ALTERNATIVA La producción ecológica supera las 50.500 hectáreas y el millar de operadores

E. ORTIZ
13/05/2019

 

Parece que el concepto de agricultura ecológica se ha colado en nuestro día a día antes de ayer, quizá porque el cambio del chip sobre el respeto del medio ambiente es demasiado reciente. Pero la oposición de la sociedad al uso de las técnicas productivas intensivas tiene sus raíces en la Revolución Industrial. Entonces ya hubo quien se negó a anteponer la productividad y el rendimiento inmediato al uso sostenible del suelo.

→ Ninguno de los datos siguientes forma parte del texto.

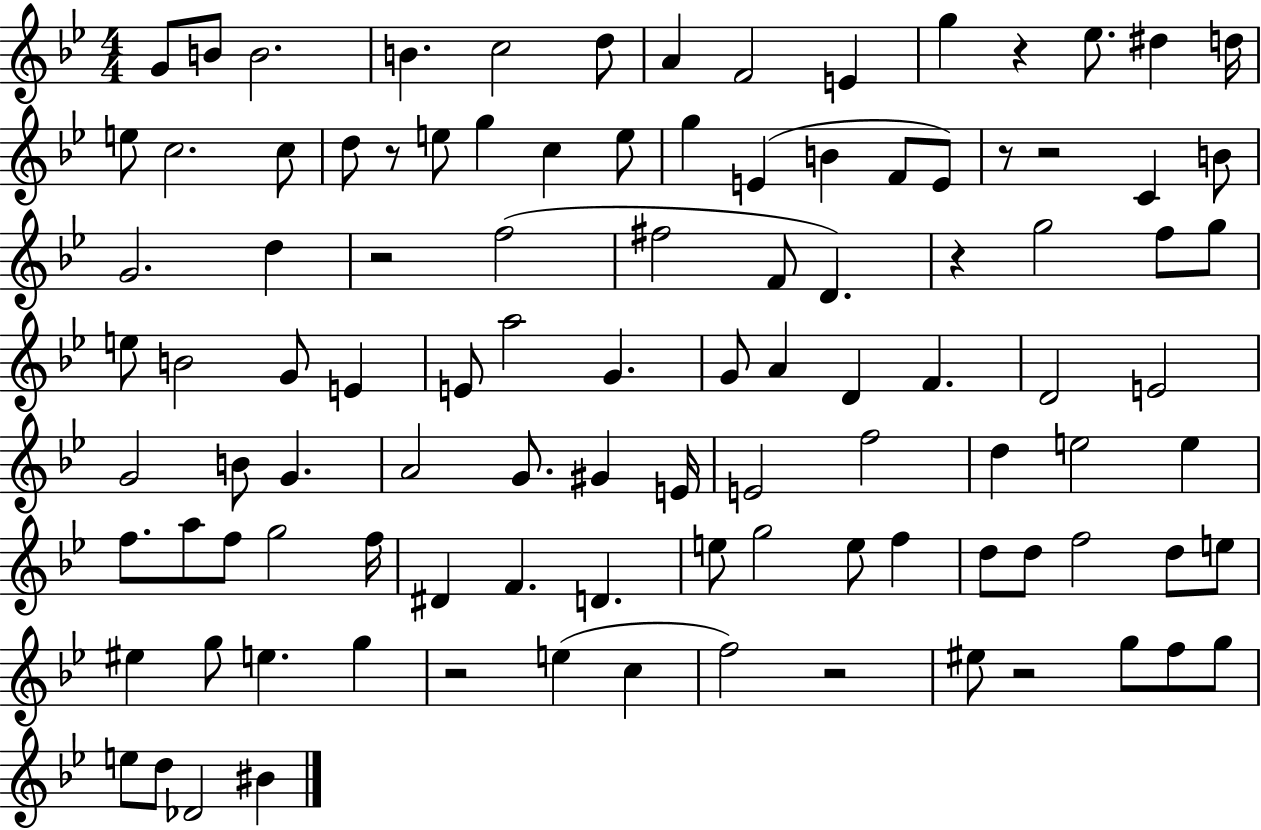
G4/e B4/e B4/h. B4/q. C5/h D5/e A4/q F4/h E4/q G5/q R/q Eb5/e. D#5/q D5/s E5/e C5/h. C5/e D5/e R/e E5/e G5/q C5/q E5/e G5/q E4/q B4/q F4/e E4/e R/e R/h C4/q B4/e G4/h. D5/q R/h F5/h F#5/h F4/e D4/q. R/q G5/h F5/e G5/e E5/e B4/h G4/e E4/q E4/e A5/h G4/q. G4/e A4/q D4/q F4/q. D4/h E4/h G4/h B4/e G4/q. A4/h G4/e. G#4/q E4/s E4/h F5/h D5/q E5/h E5/q F5/e. A5/e F5/e G5/h F5/s D#4/q F4/q. D4/q. E5/e G5/h E5/e F5/q D5/e D5/e F5/h D5/e E5/e EIS5/q G5/e E5/q. G5/q R/h E5/q C5/q F5/h R/h EIS5/e R/h G5/e F5/e G5/e E5/e D5/e Db4/h BIS4/q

Una postura que se refuerza en la década de los 90, consiguiendo involucrar a los gobiernos con un método de producción que devuelve alimentos saludables y de máxima calidad. ¿Su secreto? El uso de los recursos naturales y la renuncia a sustancias químicas de síntesis. Un manejo que no solo favorece la fertilidad de la tierra sino que conserva las propiedades del producto.

Quienes defienden la viabilidad de esta «agricultura en mayúsculas» lamentan el paso lento que lleva Castilla y León en su recorrido. Pausado pero firme y, desde hace tres años, amparado en un plan estratégico que persigue dar estabilidad a la producción ecológica y mejorar su competitividad dado su gran potencial. Prueba de ello es la evolución experimentada desde 2015. La comparativa, facilitada por la Consejería de Agricultura y Ganadería, devuelve un incremento del 41,94% de la superficie labrada con este manejo, hasta las 50.586 hectáreas a 31 de diciembre de 2018. Año en el que, por primera vez, la Comunidad superaba el millar de operadores entre los que se encuentran Jesús, Fernando y Javier.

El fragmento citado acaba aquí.